To create a table with mapping to HBase:
CREATE TABLE USER_TEST.STOCK (ROWKEY VARCHAR PRIMARY KEY,"STOCK_CODE" VARCHAR, "STOCK_NAME" VARCHAR, "LAST_PRICE" DECIMAL(12,4),"TIMESTAMP" TIMESTAMP ) SALT_BUCKETS = 16;
To create a global secondary index to the support filter query:
create index STOCK_code_index ON USER_TEST.STOCK ("STOCK_CODE") SALT_BUCKETS = 16;
You can run the following select statement to verify the table creation, if there is a return with zero rows, then, you are finished with the Phoenix and HBase table creation.
SELECT * FROM USER_TEST.STOCK
WHERE "STOCK_CODE" = '2318.HK' -- Filtering on secondary index
ORDER BY "TIMESTAMP" desc
;
Go to this link and copy the price and volume information for the Top 30 Components of Hang Seng Index. Convert them into .csv files, and then upload them to MongoDB using this tutorial.
There are many dependencies. It is recommended to set up a maven project with a maven-shade-plugin to compile an uber jar for simple deployment. You can refer to this POM file to set up your maven project.
The following sample code simulates publishing a very simple message to a particular Kafka Topic with a key:value pair
. The key is the "ip" address of the sender, and the value is "stock_code" with the timestamp information.
val props = new Properties()
props.put(ProducerConfig.BOOTSTRAP_SERVERS_CONFIG, bootstrapServers);
props.put(ProducerConfig.MAX_BLOCK_MS_CONFIG, "30000");
props.put(ProducerConfig.KEY_SERIALIZER_CLASS_CONFIG, "org.apache.kafka.common.serialization.StringSerializer");
props.put(ProducerConfig.VALUE_SERIALIZER_CLASS_CONFIG, "org.apache.kafka.common.serialization.StringSerializer");
val kafkaProducer = new KafkaProducer[String, String](props)
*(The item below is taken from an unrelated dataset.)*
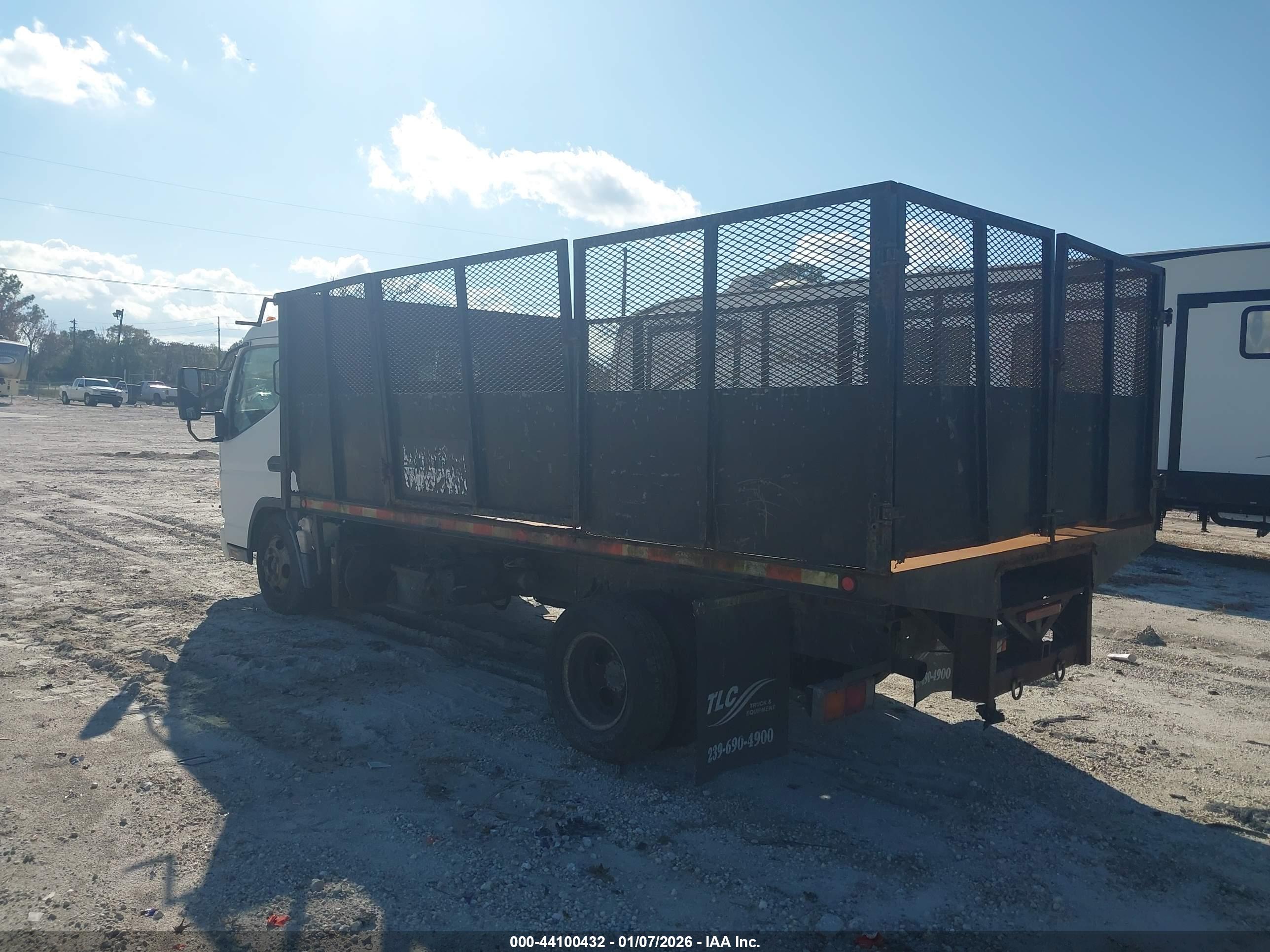 MITSUBISHI FUSO image 3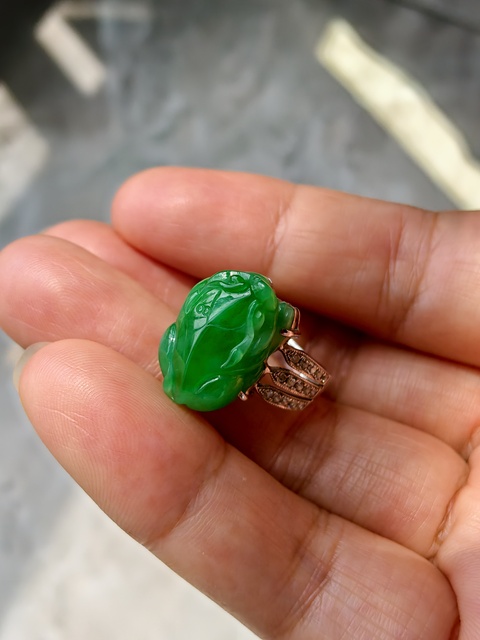 古玩玉器天然翡翠“貔貅”鑲嵌戒指真品鑒賞圖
for (nEvents <- Range(0, events)) {
val runtime = new Date().getTime()
val ip = "192.168.2." + rnd.nextInt(255)
val msg = SKUs.HSIStocks(rnd.nextInt(SKUs.HSIStocks.length-1)) + "," + runtime;
val data = new ProducerRecord[String, String](topicName, ip, msg)
kafkaProducer.send(data)
Thread.sleep(1000)
}
The following sample code simulates:
MongoSpark.load(sparkSession, loadMongo())...
SparkSession.readStream.format("kafka")...
val sparkSession = loadConfig();
val dfStatic = MongoSpark.load(sparkSession, loadMongo())
.selectExpr("symbol as Symbol", "CompanyName", "LastPrice", "Volume")
val dfStream = sparkSession
.readStream
.format("kafka")
.option("kafka.bootstrap.servers", bootstrapServers)
.option("subscribe", topicName)
.option("group.id", groupId)
.load()
.selectExpr("CAST(key AS STRING) as SourceIP", "split(value, ',')[0] as StockCode", "CAST(split(value, ',')[1] AS long)/1000 as TS")
val dfJoin = dfStream
.join(dfStatic, dfStream("StockCode") === dfStatic("Symbol"), "leftouter")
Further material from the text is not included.